Abstract
With the development of social media, people tend to express their opinions on multimedia such as text, photos, audios, and videos. Meanwhile, more rumors hiding in multi-modal content are misleading social media users. The early rumor detection task aims to detect rumors before spreading. However, annotation on multi-modal data often involves a large amount of manpower. Existing approaches universally used transfer learning to overcome it. But they ignored the differences between the source domain of pre-trained models and the task domain. In this paper, Multi-task and Domain Adaptation based Multi-modal Network (MDMN) is proposed, which consists of three components: Textual Feature Extractor, Visual Feature Extractor, and Fusion & Classification Network.
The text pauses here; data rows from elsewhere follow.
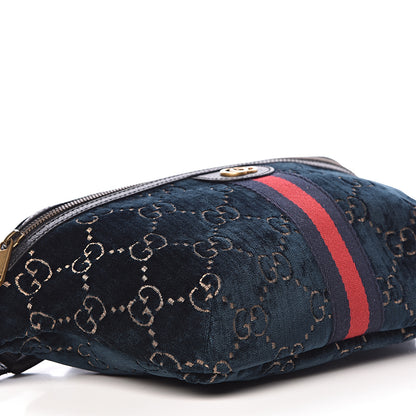 Gucci Velvet GG Monogram Web Belt Bag Blue Beige 8 of 11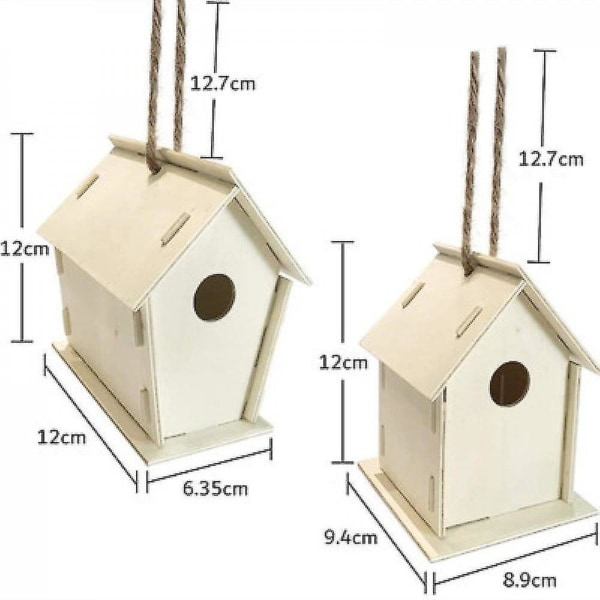 2-pak DIY Fuglehus Sæt, Byg og Mal Fuglehus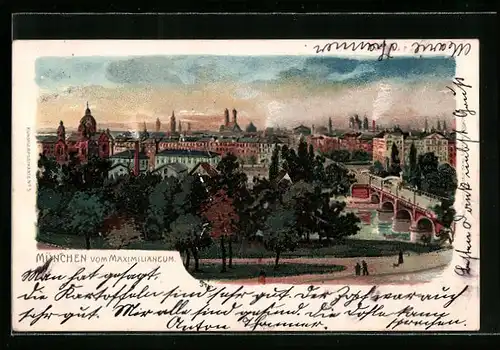 Lithographie München, Teilansicht vom Maximilianeum aus gesehen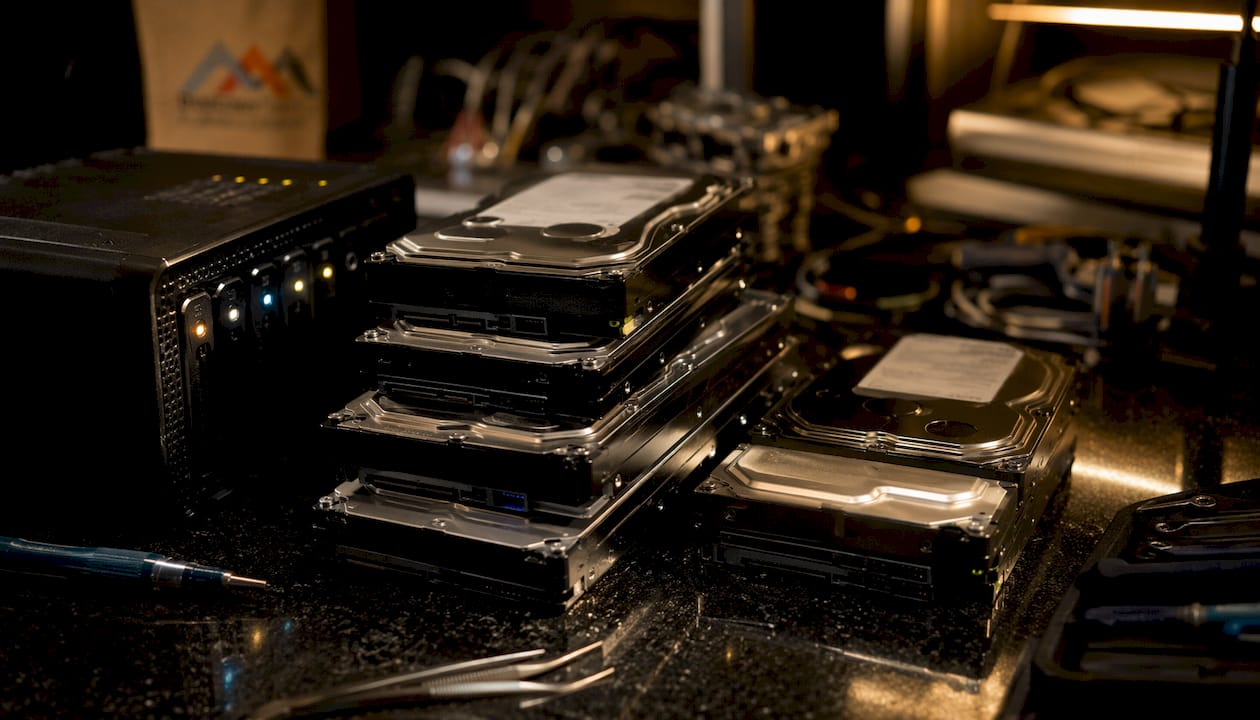Close-up of hard drives in RAID array server rack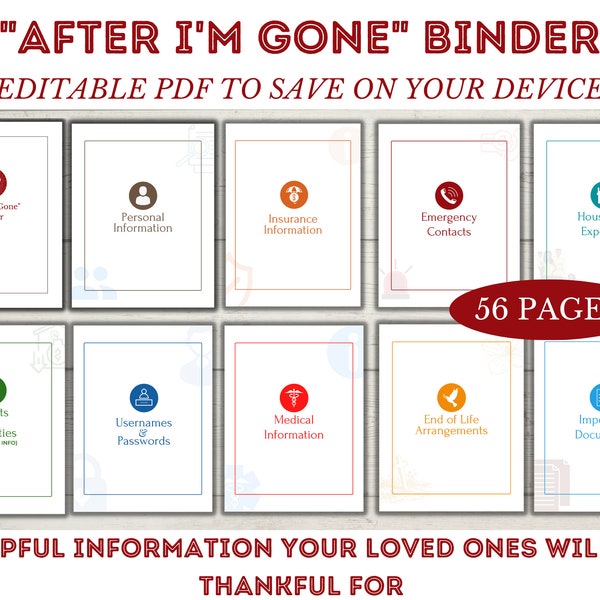 Bewerkbare "After I'm Gone" binder, noodbinder, noodplanning, afdrukbare noodplanning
To improve the diversity and stability of textual representation, a Multi-task Sharing Layer, a task-specific Transformer Encoder and a Selection Layer are applied. Domain Adaptation is involved in training an adaptive model for extracting visual representation. The adaptive models can encode task data better than fine-tuning the pre-trained models. Then, multi-modal representations are fused through two fusion strategies, each having their own benefits. The experiment on multi-modal datasets collected from Weibo and Twitter show that the proposed MDMN can outperform the baseline methods. The decision-level fusion strategy achieves a Recall of over 92%.
•Proposed a Multi-modal Network for early rumor detection.•Developed a multi-task framework for few-shot NLP tasks.•Reduced the gap between social network images and ImageNet.•Compare feature/decision level fusion of textual and visual representations.